◆ What the task asks: Below are the records; extract from them the line containing "anello con diamanti" to the line containing "Vintage Gucci Doraemon", both lines included, exactly and with no pictures.
Material for this task START
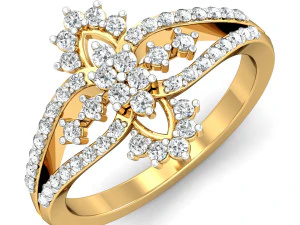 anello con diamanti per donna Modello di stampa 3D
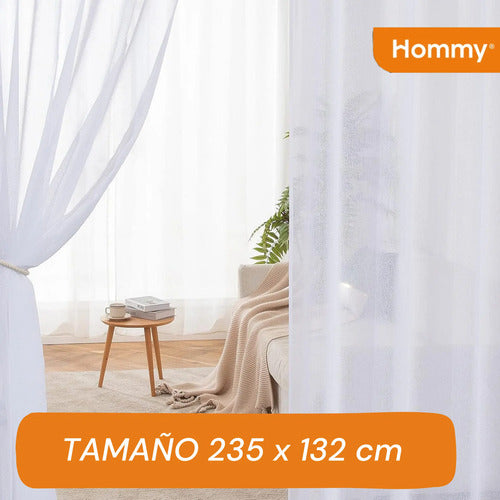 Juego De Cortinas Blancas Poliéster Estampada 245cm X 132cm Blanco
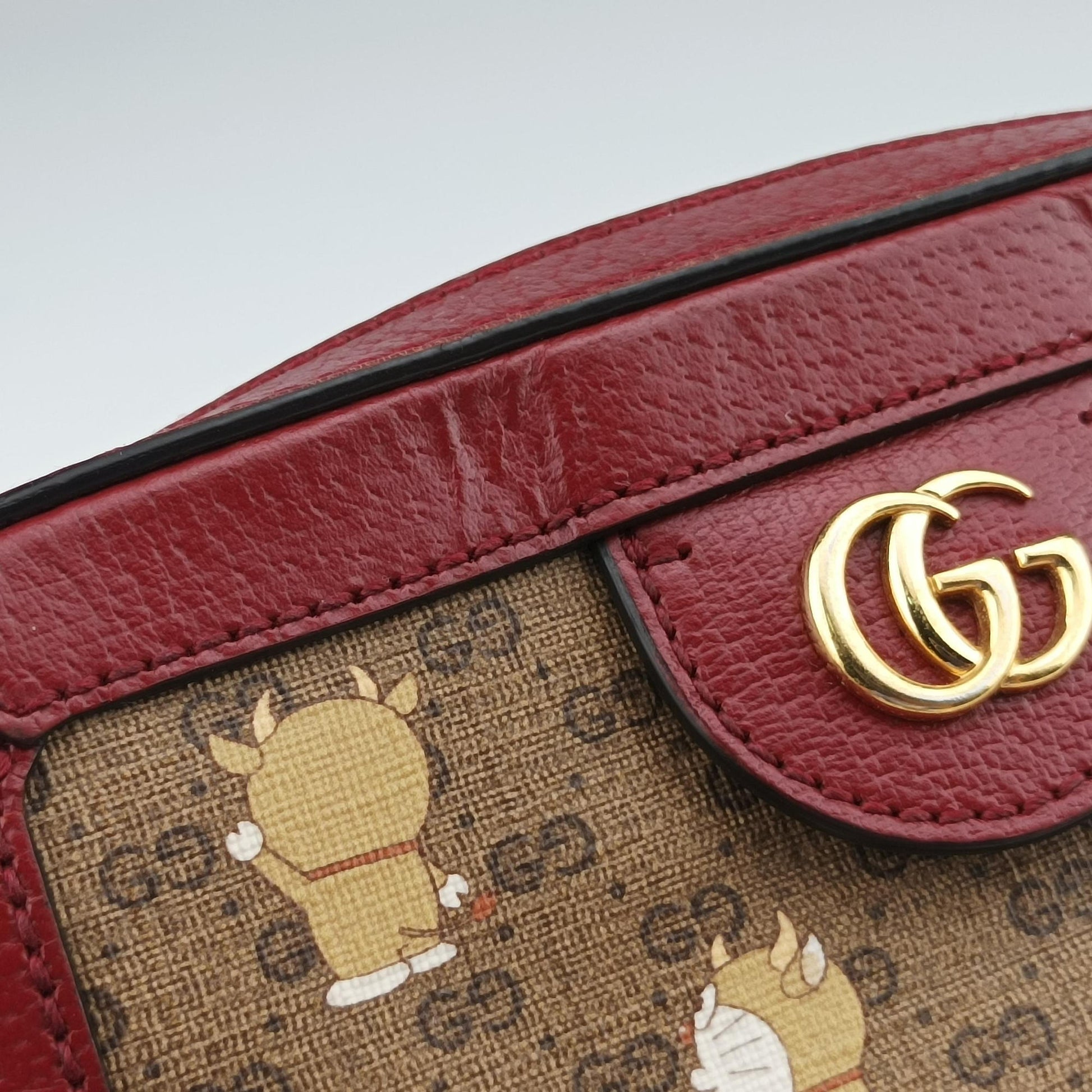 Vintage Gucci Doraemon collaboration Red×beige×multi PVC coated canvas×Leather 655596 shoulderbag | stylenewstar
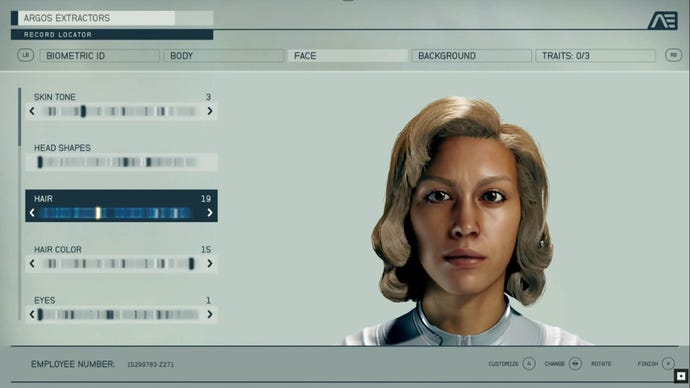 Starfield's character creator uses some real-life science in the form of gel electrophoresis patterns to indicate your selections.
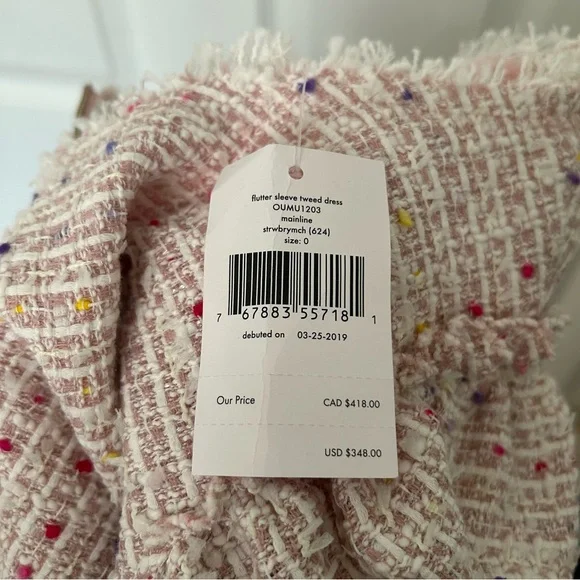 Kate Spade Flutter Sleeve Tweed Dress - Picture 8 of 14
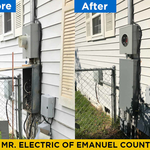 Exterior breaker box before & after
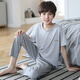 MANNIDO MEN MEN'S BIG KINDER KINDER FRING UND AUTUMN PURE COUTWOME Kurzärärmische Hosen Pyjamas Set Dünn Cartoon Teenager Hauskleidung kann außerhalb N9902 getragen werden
Material for this task END
Material for this task START
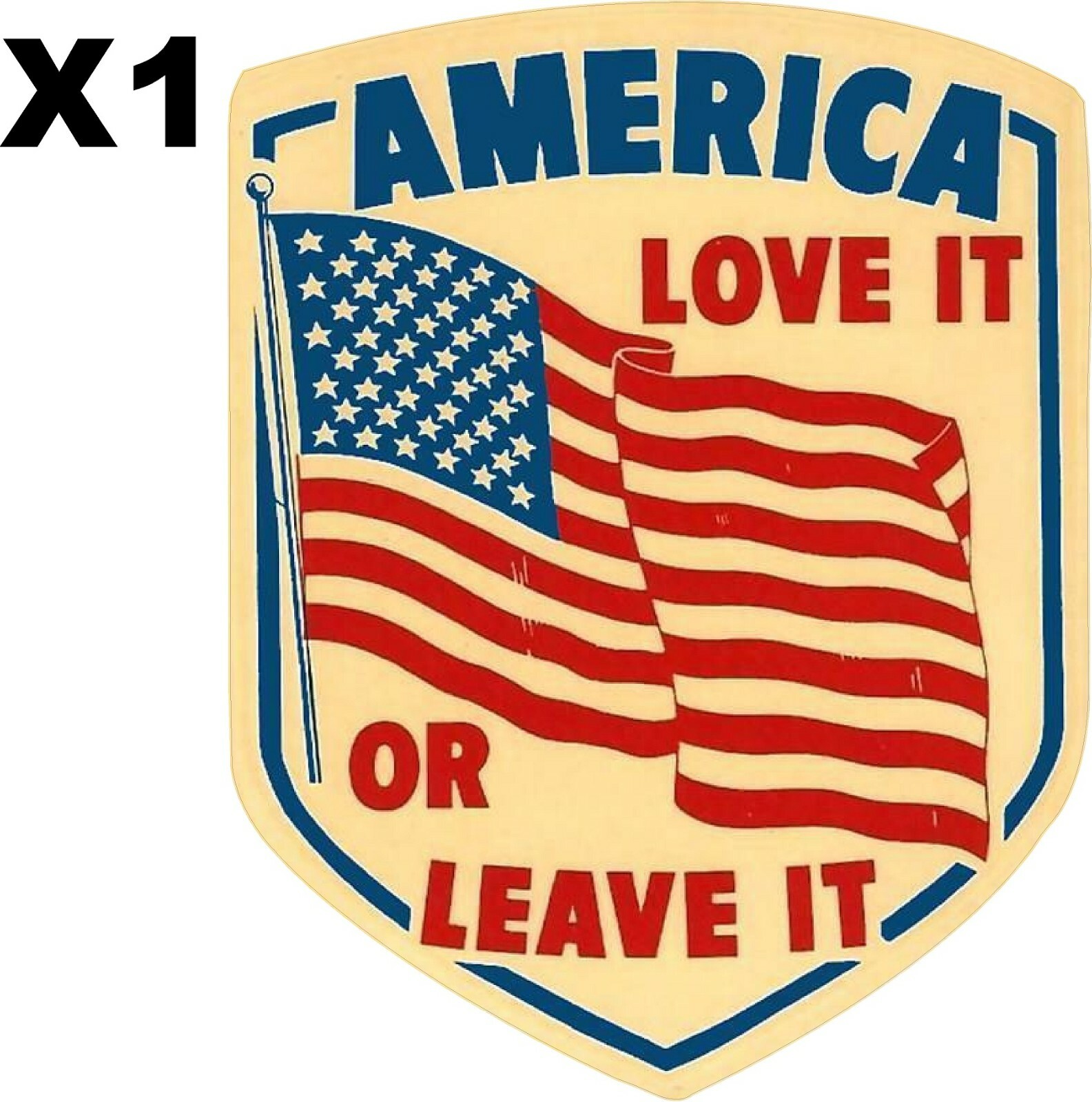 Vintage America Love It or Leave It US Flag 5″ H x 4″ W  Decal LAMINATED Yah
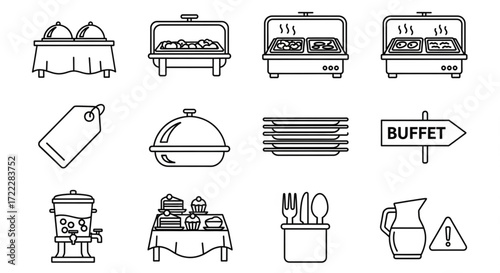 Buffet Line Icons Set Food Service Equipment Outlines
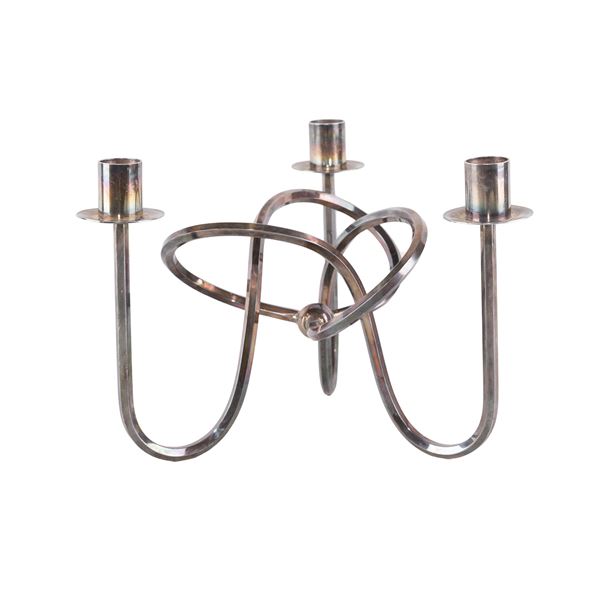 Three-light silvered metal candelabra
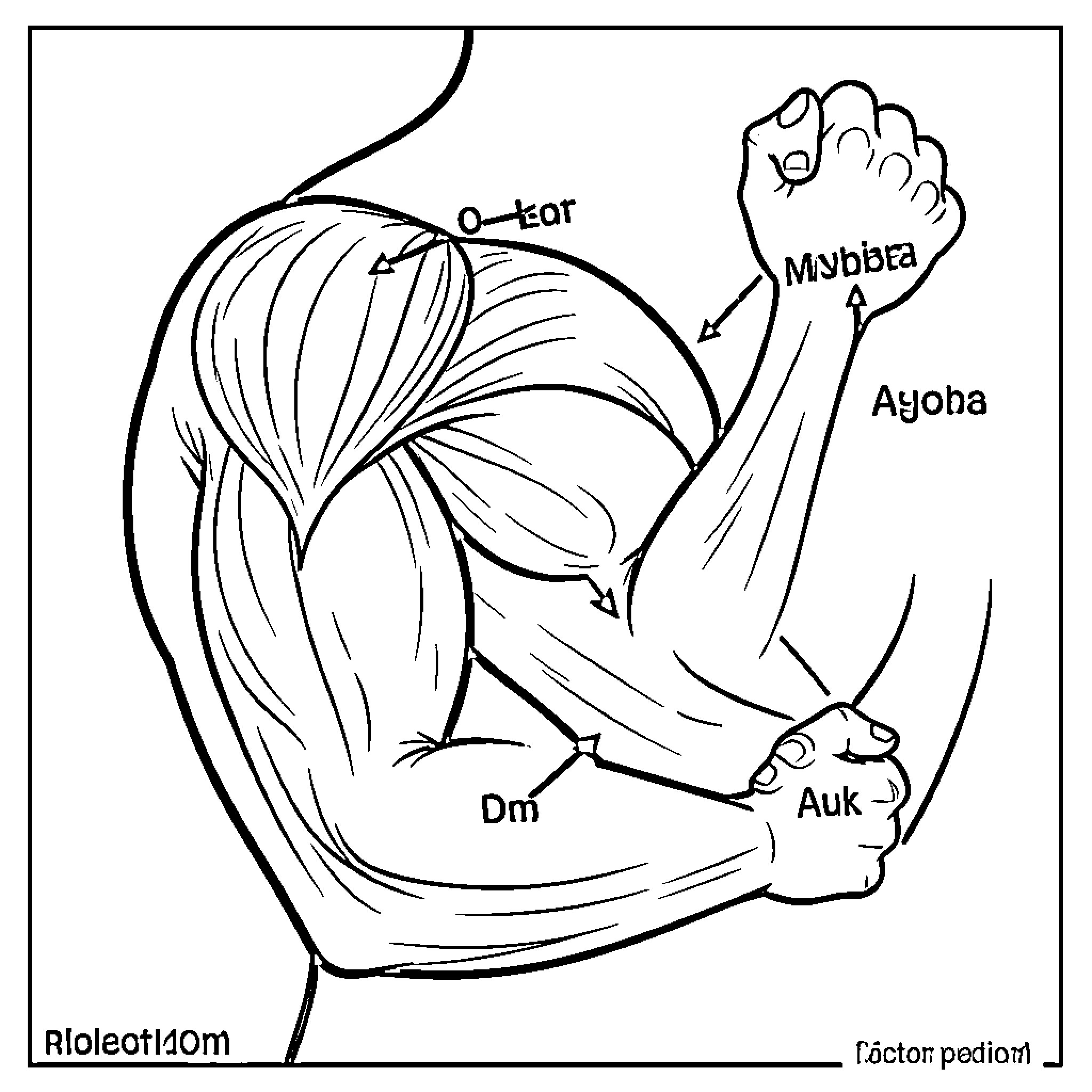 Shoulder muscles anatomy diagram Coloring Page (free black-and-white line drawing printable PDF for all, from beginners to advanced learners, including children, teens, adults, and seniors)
Material for this task END
◆ Result below:
 anello con diamanti per donna Modello di stampa 3D
 Juego De Cortinas Blancas Poliéster Estampada 245cm X 132cm Blanco
 Vintage Gucci Doraemon collaboration Red×beige×multi PVC coated canvas×Leather 655596 shoulderbag | stylenewstar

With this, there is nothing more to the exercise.